In an early study with laboratory mice, Kelley and colleagues investigated the interplay of two omega-3 fatty acids from fish oil—DHA (docosahexaenoic acid) and EPA (eicosapentaenoic acid)—and a third fatty acid, CLA (as trans-10, cis-12 CLA) found in some dietary supplements.
Kelley's 8-week test with 50 laboratory mice indicated that DHA protected the animals against two harmful side effects of CLA: CLA-induced insulin resistance and CLA-induced non-alcoholic fatty-liver disease. In contrast, EPA offered only partial protection against CLA-induced non-alcoholic fatty liver disease and provided no protection against insulin resistance.
If untreated, insulin resistance can lead to diabetes. An estimated 36 million to 57 million Americans are insulin-resistant. Non-alcoholic fatty liver disease can result in cirrhosis of the liver or liver cancer. The study appeared in a 2007 issue of Metabolic Syndrome and Related Disorders.
In related work, published in a 2009 article in Current Opinion in Clinical Nutrition and Metabolic Care, Kelley and University of California-Davis graduate student Dawn Fedor reviewed results from several dozen EPA and DHA studies. In their review, the scientists indicate that findings reported in the past decade have been inconsistent in regard to the effects of EPA and DHA on insulin resistance in human volunteers.
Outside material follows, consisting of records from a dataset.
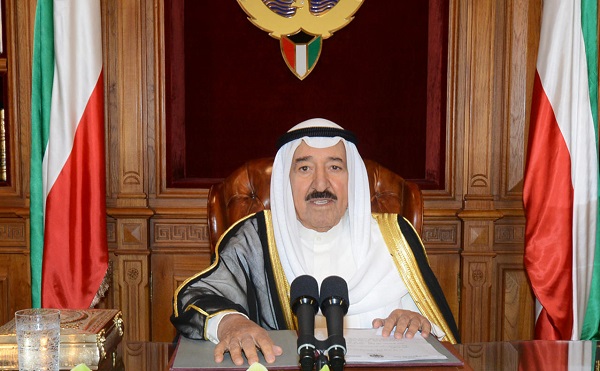 سمو الأمير يهنئ ملك مملكة إي سواتيني بالعيد الوطني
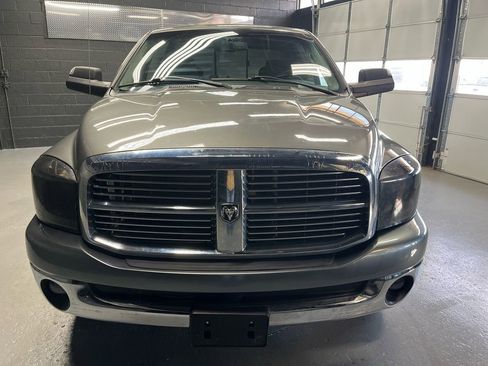 Used 2008 Dodge Ram 1500 Truck SLT w/ Popular Equipment Group image 9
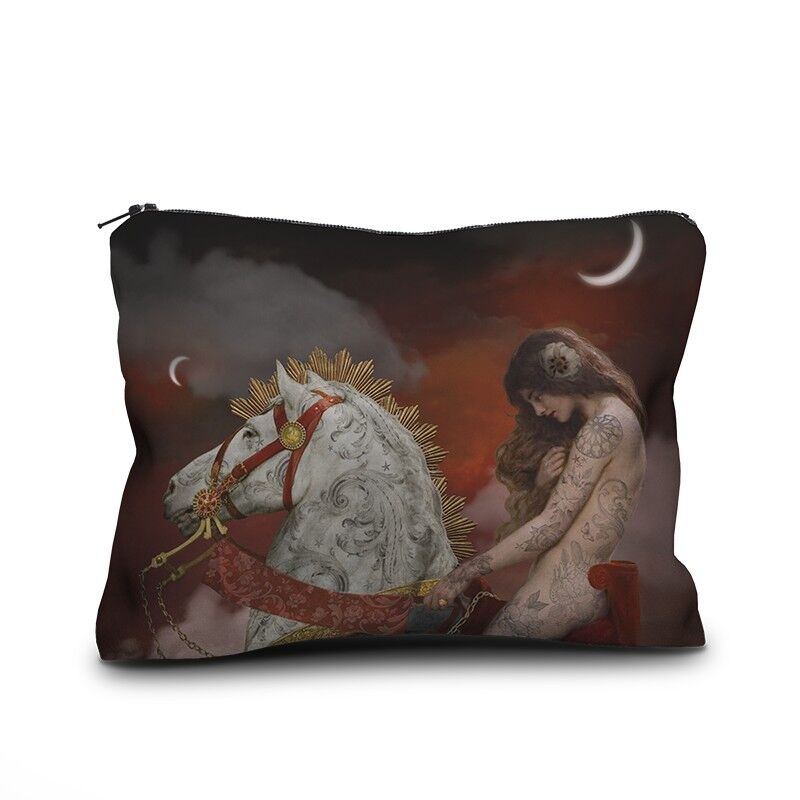 BORSA 17X23 CM LADY GODIVA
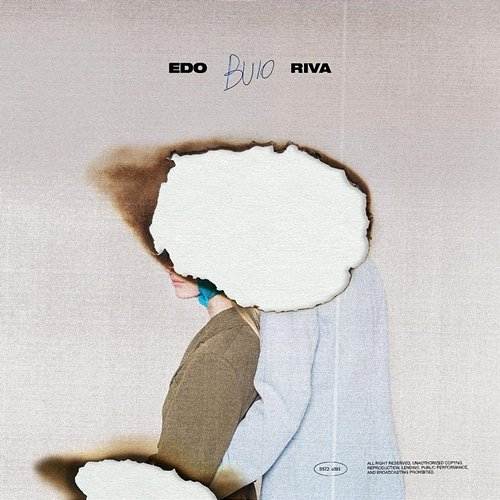 Buio EDO, Riva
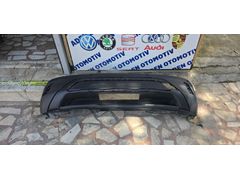 VOLKSWAGEN T-CROSS ARKA TAMPON ALT SPOYLER 2018,2024 2GM807433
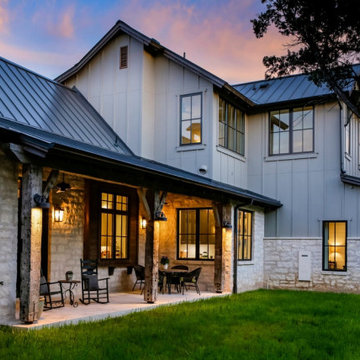 Outdoor Living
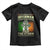 Irish Pride Toddler T Shirt Irish Warrior I Am The Storm The Irishman Whispers Back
Their review underscores the need for new investigations, with larger numbers of volunteers. Kelley, for example, would like to determine whether DHA can improve the ability of adult, pre-diabetic volunteers to use insulin efficiently, and thus help delay onset of diabetes. Such research might reveal more about the mechanisms of action that DHA and EPA use, the sites upon which they act in the human body, and the genes that control these mechanisms.